Canal + diffusera ce soir La Zone d'intérêt, drame puissant de Jonathan Glazer (Birth, Under the Skin...), qui était reparti du festival de Cannes 2023 avec le Grand Prix. Notre critique est à lire ici, et ci-dessous, nous repartageons un article décryptant le travail d'adaptation du cinéaste britannique.

Les fans de l'œuvre d'Amis qui sont allés voir l'adaptation qu'en a faite Jonathan Glazer avec La Zone d'intérêt ont dû, au début du film, se demander s’ils ne s’étaient pas trompés de salles… En “adaptant” le roman de Martin Amis, le cinéaste n’a gardé que quelques rares éléments du livre. Le contexte (un camp d’extermination allemand), un commandant nazi, et la Shoah en toile de fond. C’est que l’étrange plongée cauchemardesque à laquelle nous “conviait” Amis n’a été, au fond, qu’un point zéro pour Glazer. “Une étincelle initiale”, comme il l’expliquait récemment à un journaliste du Monde : “J’ai été fasciné par les personnages, mais j’ai poursuivi ensuite le voyage à ma manière. Je pense tout de même qu’à certains endroits la trivialité que je décris peut rejoindre le registre grotesque du roman.

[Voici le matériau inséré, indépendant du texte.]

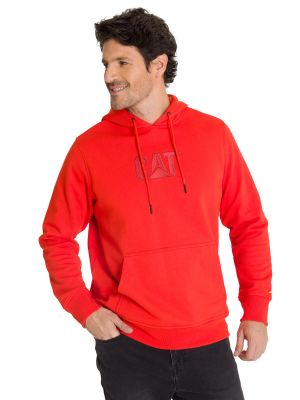 Polerón Fleece Hombre Hoody Logo Rojo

De fait, l’intrigue du livre et celle du film n’ont pas grand chose à voir. Dans La Zone d’intérêt, publié en France en 2015, le bad boy des lettres britanniques décrivait le quotidien d'un camp d'extermination par le biais du baroque et de la farce radicale. Le roman suivait trois personnages : Paul Doll, le commandant des lieux, un horrible bonhomme libidineux, alcoolique notoire, qui réceptionne les convois sans (se) poser la moindre question. Doll, partiellement inspiré par Rudolf Höss, était beaucoup plus débauché que son modèle - on était chez Amis ! Il y avait également l’officier SS Angelus Thomsen, un obsédé sexuel qui se rapprochait un peu trop de la femme de Doll. Et enfin, Szmul, un Sonderkommando qui servait d'acolyte au commandant.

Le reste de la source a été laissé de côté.